Why Dehydration
- Long running process or processes waiting for response consumes memory and CPU
- While waiting for the response the bpel engine can store the process, thus freeing up server resources.
- Over the life cycle of the BPEL instance, the instance with the current state of execution may be saved in database.
Dehydration
- Storing the current status of the BPEL process(i.e. long running
process, asynchronous process) into the database tables is known as
dehydration
- SOA_INFRA schema is the dehydration store which contains tables to hold the meta data of the process.
- Synchronous Process
– Process gets dehydrated only at the end of the process.
– Using Dehydrate activity we can explicitly dehydrate process state if required.
– Automatically dehydrated the process based on the activities used.
Dehydrate Activities
- Few activities causes the BPEL instances to be dehydrated
- If the process is dehydrated, then transaction ends and a new transaction is started once the bpel process resumes.
- Dehydration activities:
Wait
Dehydrate(11g) / Checkpoint(10g)
Receive(without create instance)
Commit(Java embedded)
Pick
Invoke(nonBlocking property set on PL)
Non-idempotent activity(Invoke, receive) is encountered.
Types of BPEL Process
When and how dehydration occurs differ based on process types. Based
on the dehydration we can categorize process in to 2 categories
- Transient Process: Oracle BPEL server dehydrates
the process instance only at the end of the process. If server crashes
in middle of the running process instance, the instances will not be
visible in EM
- Durable Process: Oracle BPEL Server dehydrates the
process instance in-flight at all midprocess breakpoint and
non-idempotent activities, plus the end of the process. When the server
crashes, this process instance appears in Oracle BPEL Control up to the
last dehydration point (breakpoint activity) once the server restarts.
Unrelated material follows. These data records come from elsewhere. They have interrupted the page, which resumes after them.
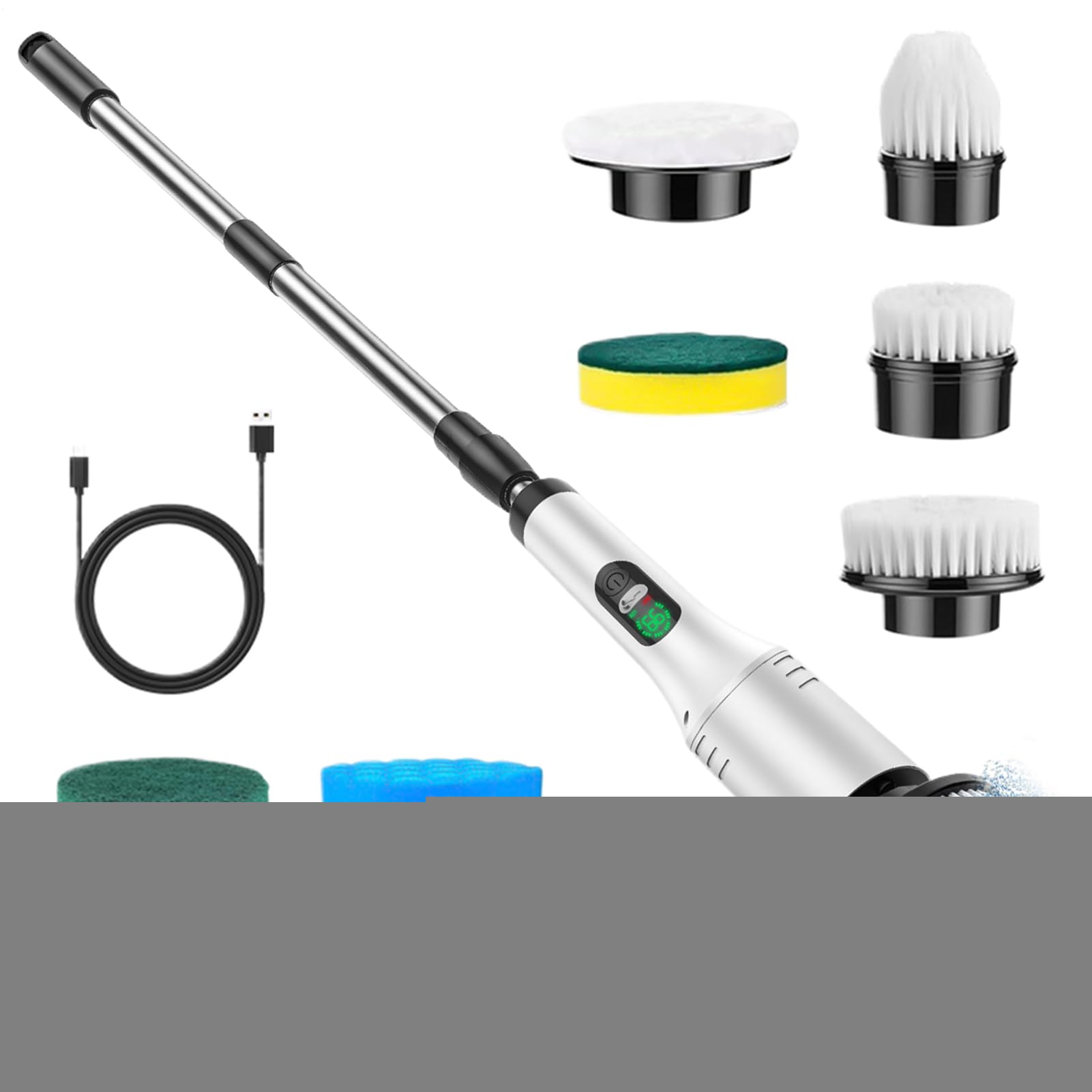 Limpiador eléctrico de baño Herramientas de Limpieza y Gadgets Impermeables | cepillo fregador ducha impermeable mango retráctil para azulejos, bañera, lavabo, cerámica, vidrio, acero inoxidable,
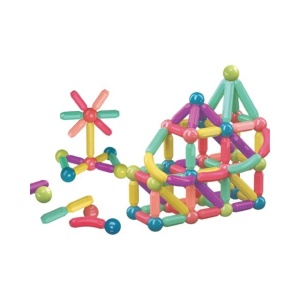 Set 25 de Piese Magnetice de Constructie, Puzzle, Forme, 3 Ani, ABS, Magnet, 16x6x14 cm, Multicolor - Img 6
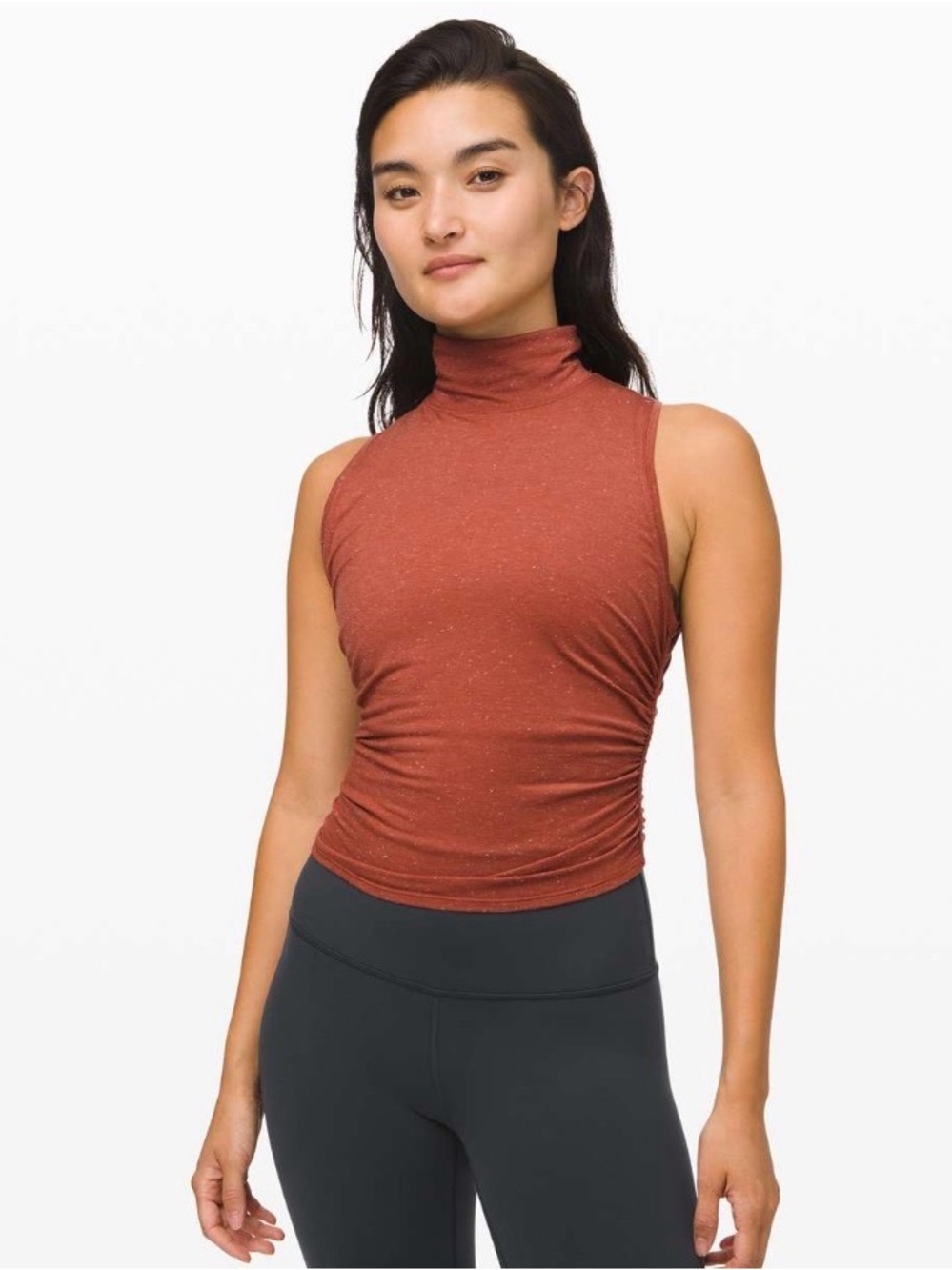 Lululemon See The Horizon Tank rustic clay orange turtleneck sleeveless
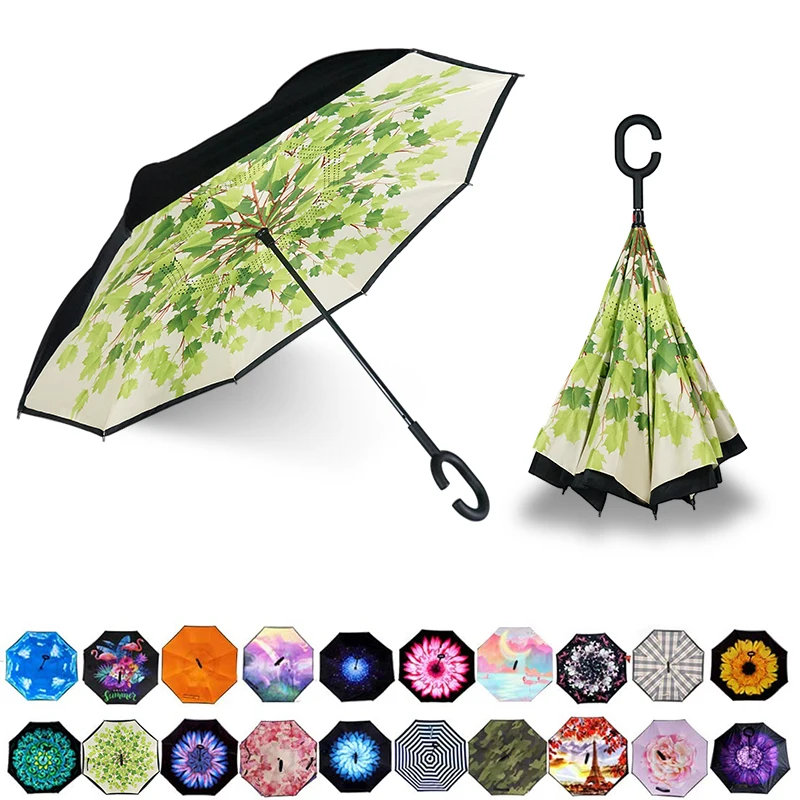 Reverse C Handle  Wholesale Customized Inside Out Fashion Supplier Windproof Umbrella For Gift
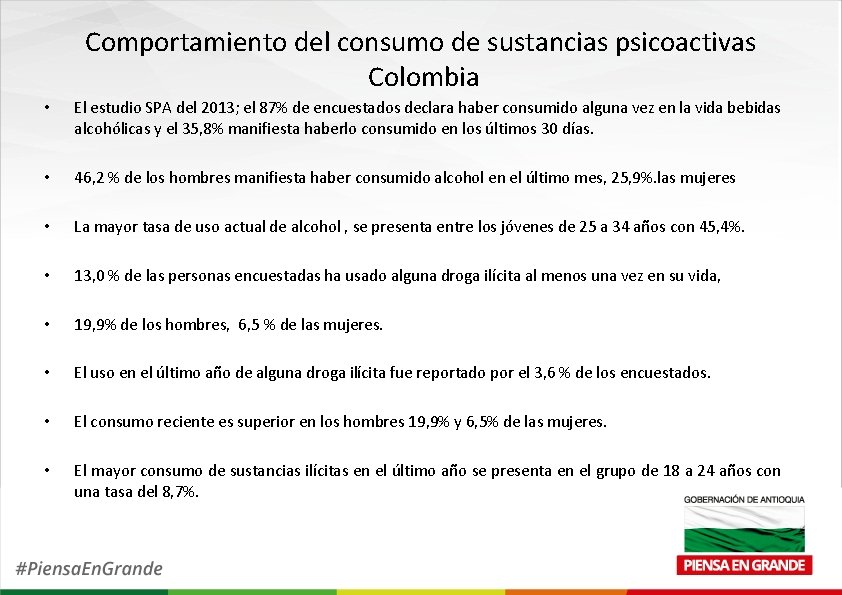 Comportamiento del consumo de sustancias psicoactivas Colombia • El estudio SPA del 2013; el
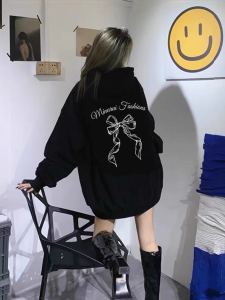 Màu Đen Nơ Nút Thắt Áo Hoodie Nữ Rộng Rãi Nguyên Chất Cotton Vải Bông Ngoại Cỡ Phong Cách Lười Cổ Điển Mỹ Áo Khoác Mùa Xuân Mùa Thu Thời Trang Theo Mùa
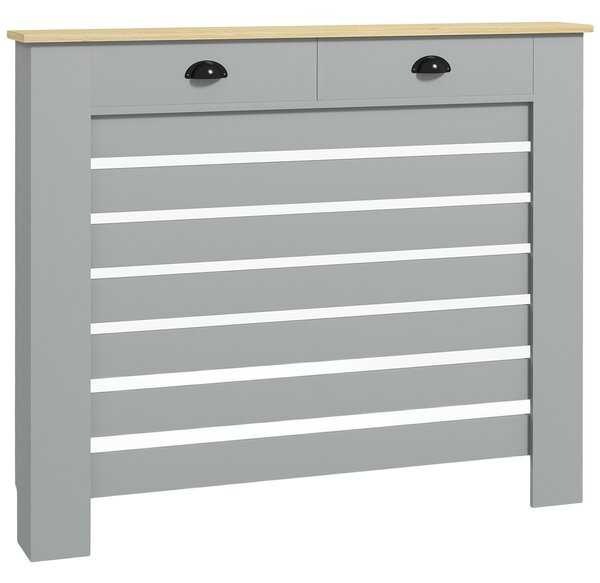 HOMCOM 95.5H x 111Wcm Radiator Cover, with Drawer - Grey Aosom UK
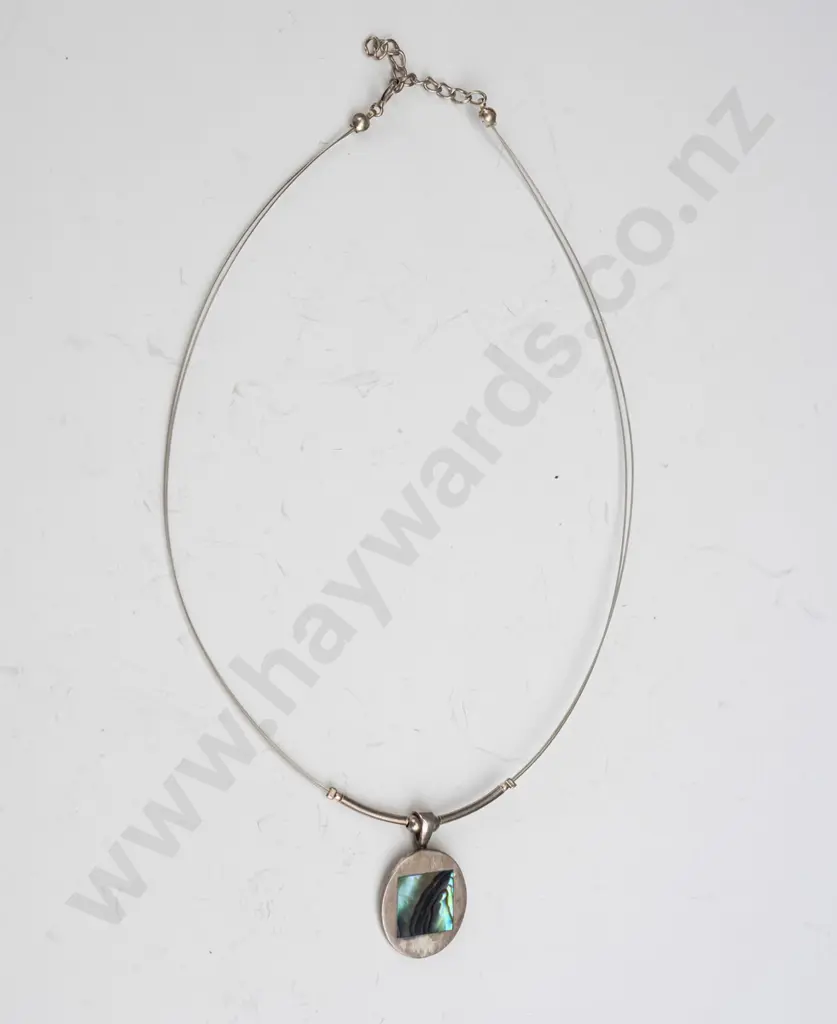 silver paua shell necklace stamped 925 Image 1++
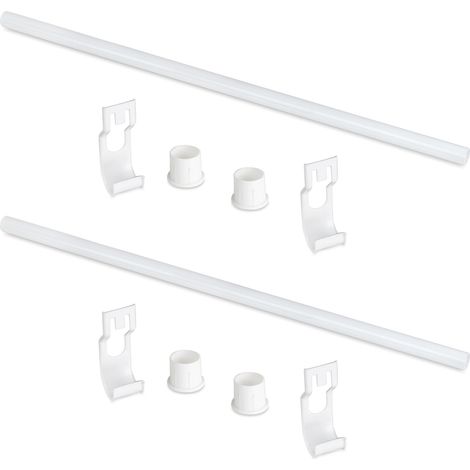 Emuca Lote de 2 barras para armario y accesorios Jagmet, longitud 815mm, Acero, Pintado blanco (1/5)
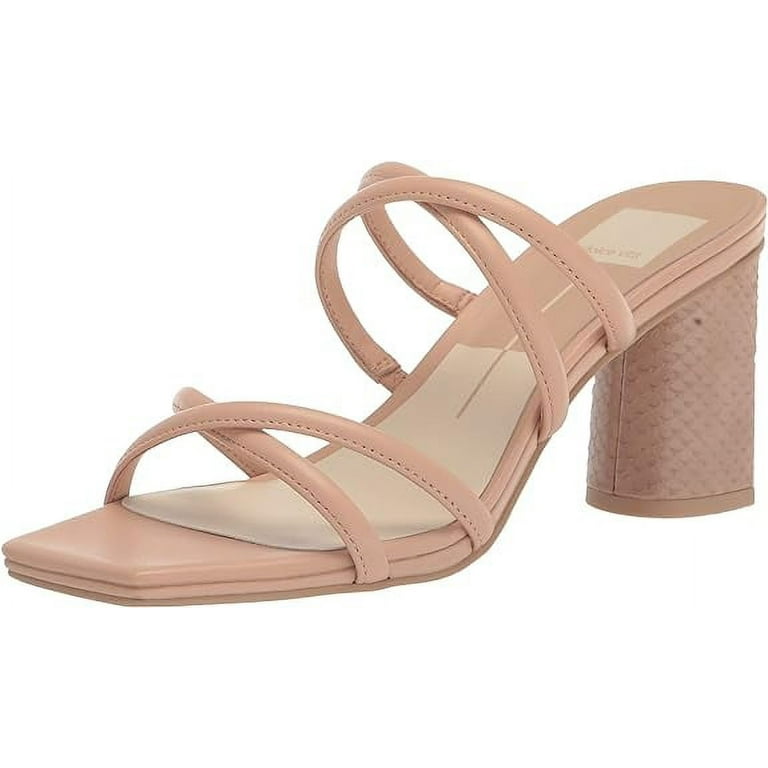 Heeled Sandals Peep Toe Creme Dolce Vita Patsi Cream Leather Slip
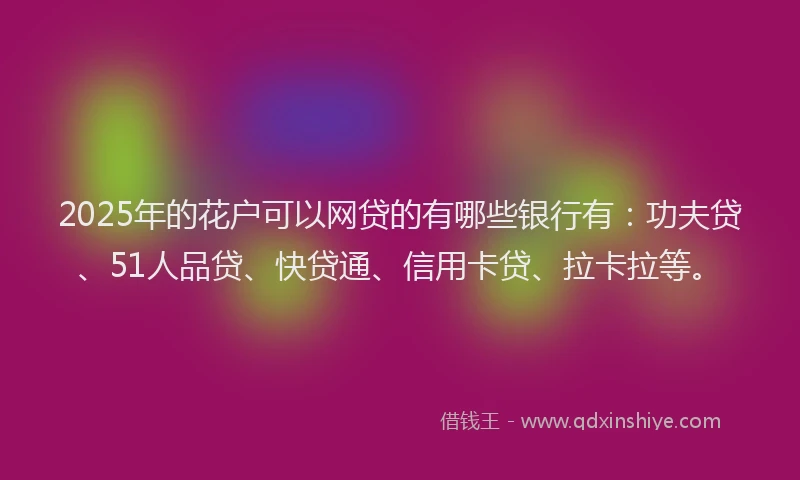 2025年的花户可以网贷的有哪些银行有：功夫贷、51人品贷、快贷通、信用卡贷、拉卡拉等。
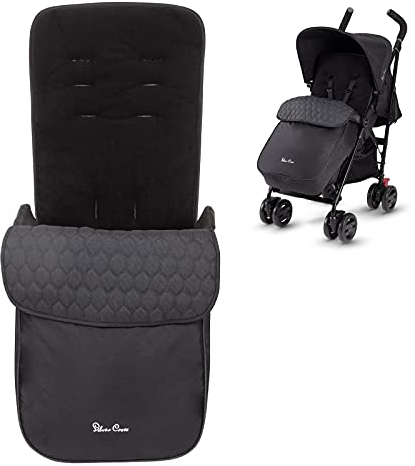 Silver Cross - Pop-Fußsack – Kinderwagen-Zubehör – Kinderwagen-Fußsack – Fußwärmer – wasserabweisend – Schwarz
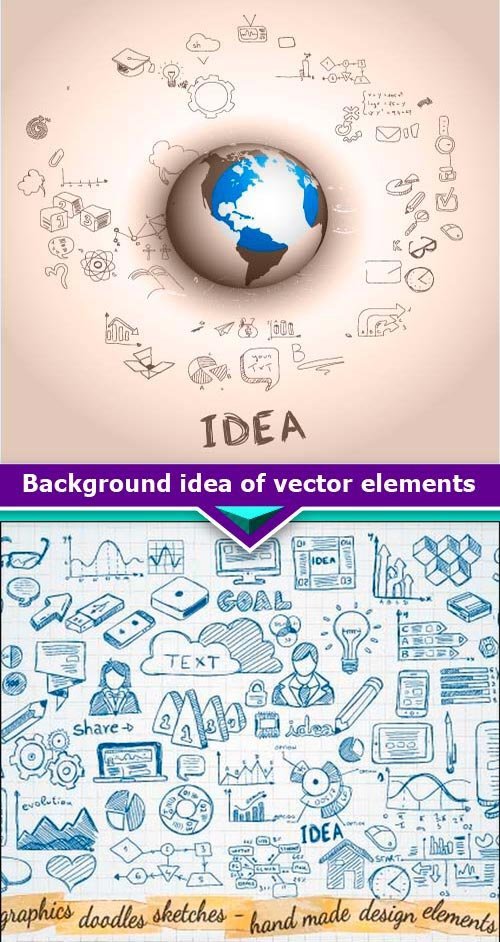 Background idea of vector elements 5x EPS
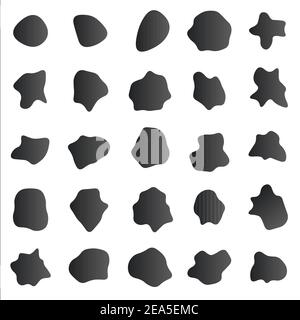 Set di blobi arrotondati geometrici astratti. Forme casuali. Bolle morbide. Adatto per il design del logo o banner. Illustrazione vettoriale. Illustrazione Vettoriale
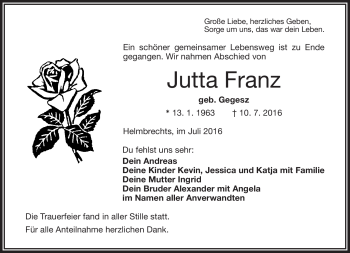 Traueranzeige von Jutta Franz von Frankenpost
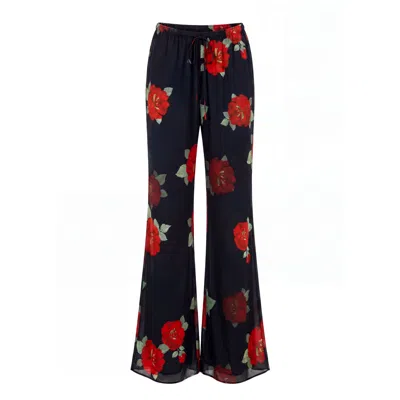 Concept A Trois Women's Black / Red / Green Black Chiffon Flared Pants With Rose Print  - Special Capsule "self.read In Multi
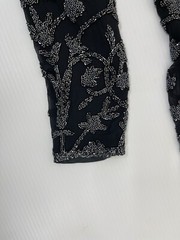 OLEG CASSINI Black Tie Dress Evening Cocktail Beaded Silk Midi 90s VTG Sz 14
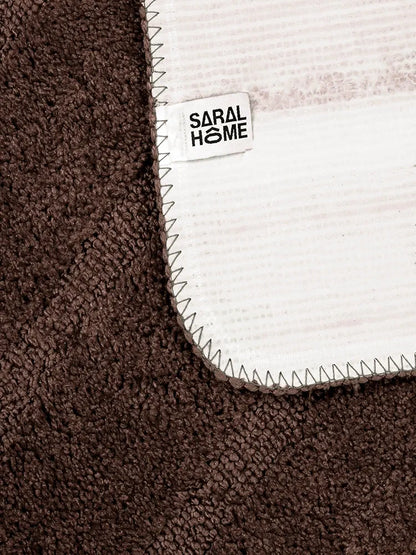 Saral Home Easy Living Home Striped Soft Microfiber Durable&washable Multipurpose Bedside Runner Colour Brown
If the server crashes before the process instance reaches the first
midprocess breakpoint activity, the instance is not visible in Oracle
BPEL Control after the server restarts.
When Dehydration Occur
- When the BPEL instance encounters a mid-process breakpoint activity (not including the initial receive).
Activities like wait, receive, pick, call to an async WSDL
That is where an existing BPEL instance must wait for an event, which
can be either a timer expiration or message arrival. When the event
occurs (the alarm expires or the message arrives), the instance is
loaded from the dehydration store and execution is resumed. This type of
dehydration occurs only in
durable processes, which have mid-process breakpoint activities. A transient process does not have any mid process breakpoint activities.
- When the BPEL instance encounters a non-idempotent activity
When Oracle BPEL Server recovers after a crash, it retries the
activities in the process instance. However, it should only retry the
idempotent activities. Therefore, when Oracle BPEL Server encounters a
non-idempotent activity, it dehydrates it. This enables Oracle BPEL
Server to memorize that this activity was performed once and is not
performed again when Oracle BPEL Server recovers from a crash.
Idempotent activities are those activities where the result is the same irrespective of no. of times you execute the process.
Repeated invocations have the same effect as one invocation.
E.g. Read only services, Receive activity
- When the BPEL instance finishes
At the end of the BPEL process, Oracle BPEL Server saves the process
instance to the dehydration store, unless you explicitly configure it
not to do so. This happens to both durable and transient processes.
Note: A BPEL invoke activity is by default (true) an idempotent
activity, meaning that the BPEL process does not dehydrate instances
immediately after invoke activities. Therefore, if idempotent is set to
true and Oracle BPEL Server fails right after an invoke activity
executes, Oracle BPEL Server performs the invoke again after restarting.
This is because no record exists that the invoke activity has executed.
This property is applicable to both durable and transient processes. If
idempotent is set to false, the invoke activity is dehydrated
immediately after execution and recorded in the dehydration store. If
Oracle BPEL Server then fails and is restarted, the invoke activity is
not repeated, because Oracle BPEL Process Manager sees that the invoke
already executed.
Skipping dehydration
Dehydration Tables
- Cube_Instance: Stores the information about the composite instance that gets created.
- Cube_scope: Stores information about the scopes and variables declared and used.
- DLV_Message: All the incoming payload details are stored.
- Invoke_Message: All the outgoing message payload details are stored.
- Audit_Trail: Used to store information of the xml that is rendered in EM console.